Sadly, nothing could be further from the truth. Most Americans are unaware of the extent to which both foreign nationals and U.S. citizens are victimized by human trafficking and various forms of slavery in our country today. And if we think that our own lives are untainted by the products of slave labor, we must think again. As Free the Slaves president Kevin Bales and I point out in the newly updated paperback edition of The Slave Next Door: Human Trafficking and Slavery in America Today (UC Press, 8/23/2010), there's a very good chance that the clothes we wear and the food we eat have been tainted by slavery. Cotton, that symbol of bondage in the pre-Civil War South, is now being picked by slave labor on three continents, and marketed as clothing here at home. The orange juice and tomatoes we have with our burgers at lunch could very well have come from a Mexican or Guatemalan immigrant working under coercion. The rug we walk on at home could have been woven in India, Pakistan or Nepal by one of a hundred thousand child slaves, seven, eight, nine years old.
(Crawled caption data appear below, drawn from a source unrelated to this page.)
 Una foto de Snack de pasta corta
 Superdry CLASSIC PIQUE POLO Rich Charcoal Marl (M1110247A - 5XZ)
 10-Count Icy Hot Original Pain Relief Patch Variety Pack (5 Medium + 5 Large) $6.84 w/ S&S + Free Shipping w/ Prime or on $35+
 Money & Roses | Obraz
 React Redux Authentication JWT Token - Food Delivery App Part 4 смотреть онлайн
Cell phones and lap tops require an element called tantalum; it comes from an ore that is mined in the Congo, often by slaves.
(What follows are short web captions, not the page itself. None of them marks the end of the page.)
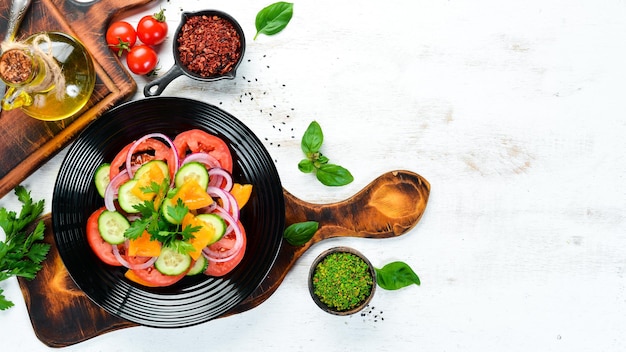 platou culinar cu ingrediente proaspete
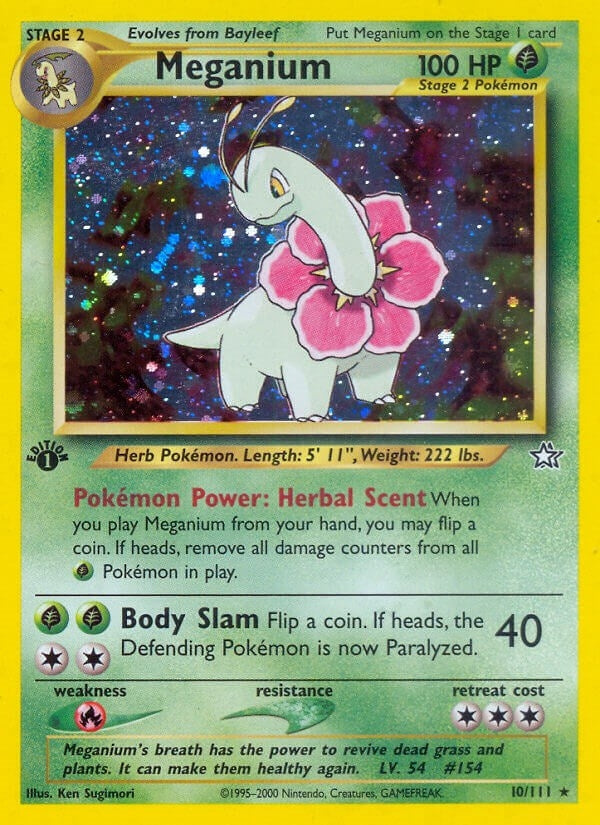 Image for Meganium (10) (010/111) - Pokemon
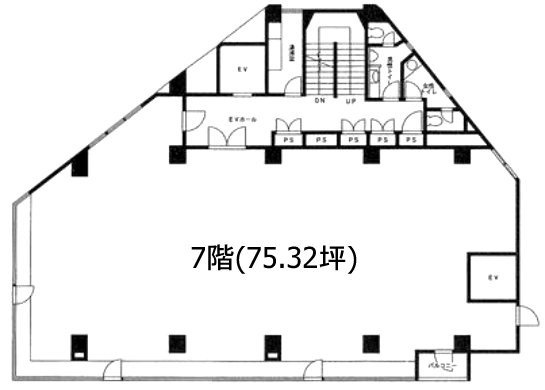 西新宿ビル7F 間取り図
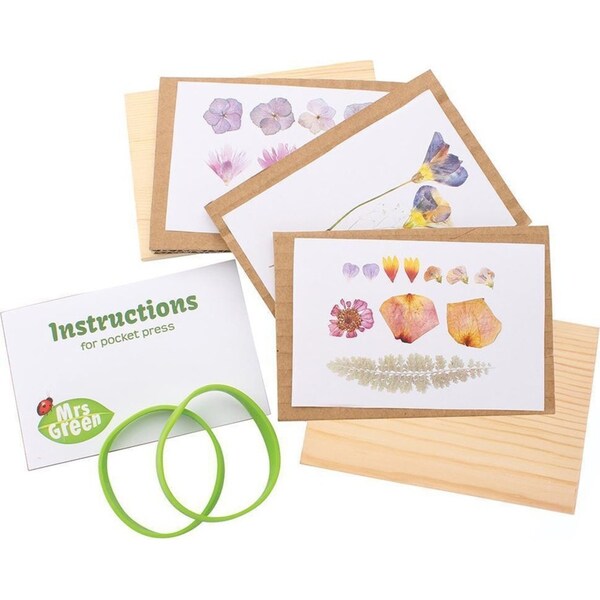 Mrs Green Pocket Flower Press Kit Small Wooden Toy Children/Kids/Teen Art 5y+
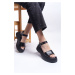 Riccon Alloshara Women's Sandals0012801 Black Skin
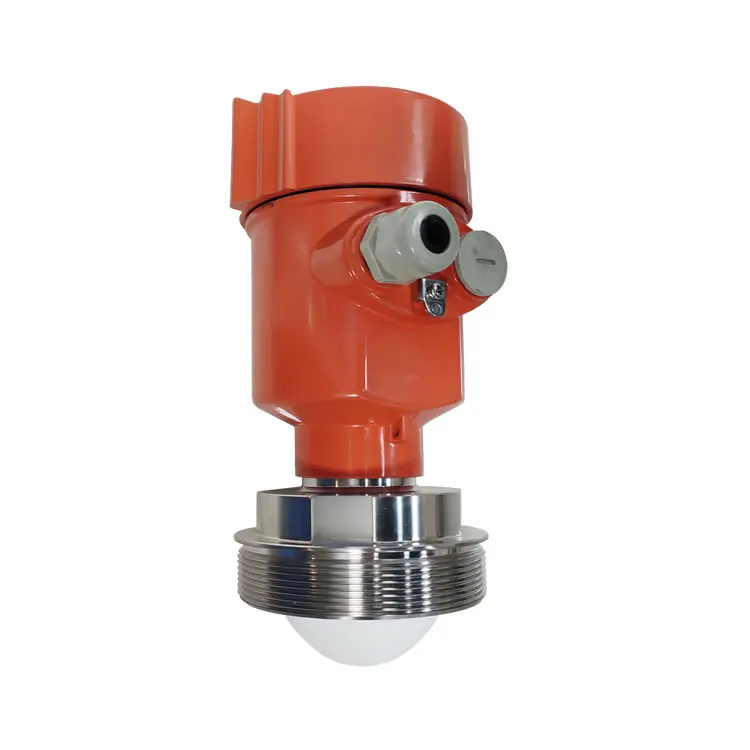 Fuel Water Tank Signal Level Material Transmitter FMCW Radar Water Cement Silo Acid Dusty Solid Industrial CE Certificate 0-120m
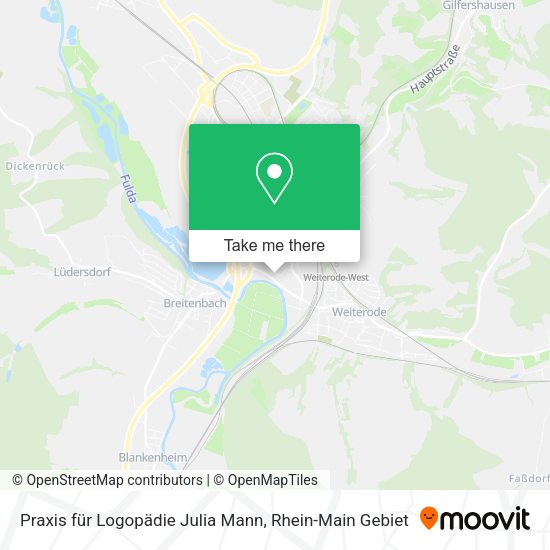 Карта Praxis für Logopädie Julia Mann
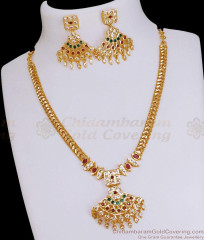 New Arrival Impon Panchaloha Stone Necklace With Earring NCKN4503 New Arrival Impon Panchaloha Stone Necklace With Earring NCKN4503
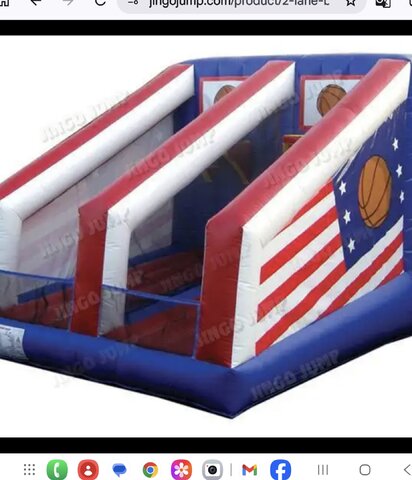 2 lane basketball goal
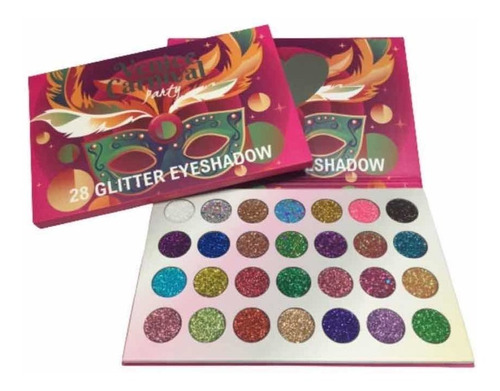 Paleta De Sombras Para Ojos Con Glitter. Envío Gratis!!!!!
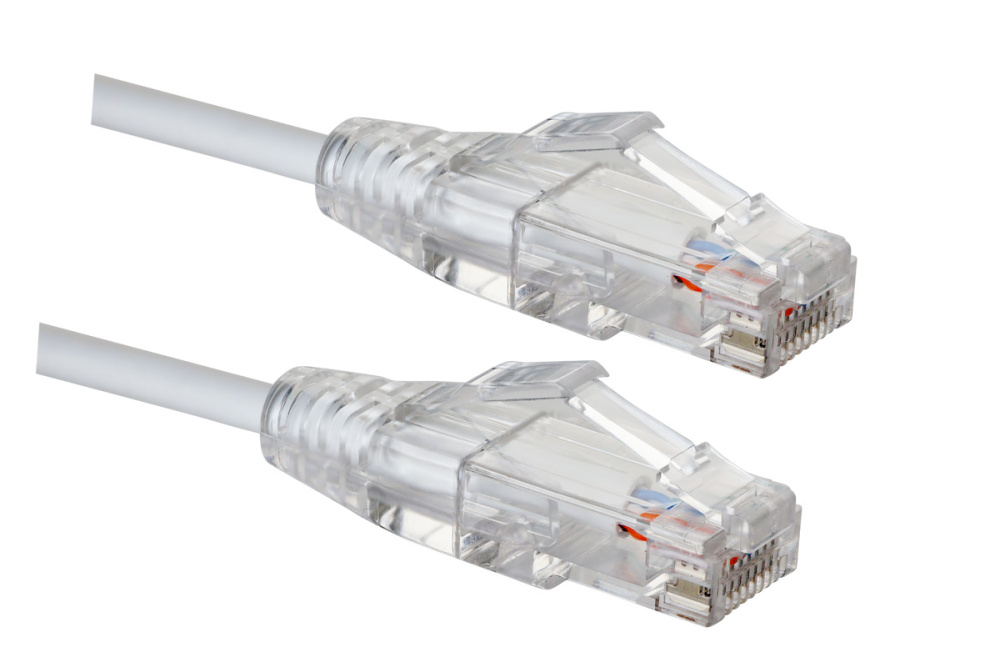 

Патч-корд UTP кат.5e, 1 м, RJ45-RJ45, белый, CU, LSZH, Eurolan Slim Line (21S-U5-01WT)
In The Slave Next Door, we document the use of slave labor in such circumstances as the manufacture of clothing in America Samoa, and the cultivating and harvesting of our crops in Florida, Georgia, New York, Colorado and the Carolinas. We point out that while such mega-corporations as Burger King, Yum Foods, McDonald's and the giant Compass Group have signed agreements pledging to purchase only goods provided by free labor, other buyers, such as Wendy's, Publix, Quizno's, Costco, and Wal-Mart, have refused to climb on board. Slavery in our markets is happening all around us, yet we remain blissfully ignorant of this blight on our nation.
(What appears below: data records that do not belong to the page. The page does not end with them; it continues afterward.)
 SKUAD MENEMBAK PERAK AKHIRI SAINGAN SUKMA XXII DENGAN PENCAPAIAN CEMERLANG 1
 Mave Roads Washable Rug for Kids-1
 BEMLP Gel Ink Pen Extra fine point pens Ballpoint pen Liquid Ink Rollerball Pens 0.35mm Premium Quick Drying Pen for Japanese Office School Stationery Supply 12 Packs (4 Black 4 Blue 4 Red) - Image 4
Does this mean that all tomatoes, all oranges, rugs, cotton shirts, cell phones and lap tops are the products of slave labor? Certainly not; but some are, and we just never know. It's that insidious. We simply cannot hope to eradicate what we can neither see nor understand. For this reason, it is vital to support and pass such legislation as the California Transparency in Supply Chains Act of 2010. It provides the consumer -- us -- with a window through which we can examine the development, from first to last link in the chain, of our consumer goods. With weapons such as this, we can begin to effectively combat the presence of slavery in our daily lives. It's a powerful first step.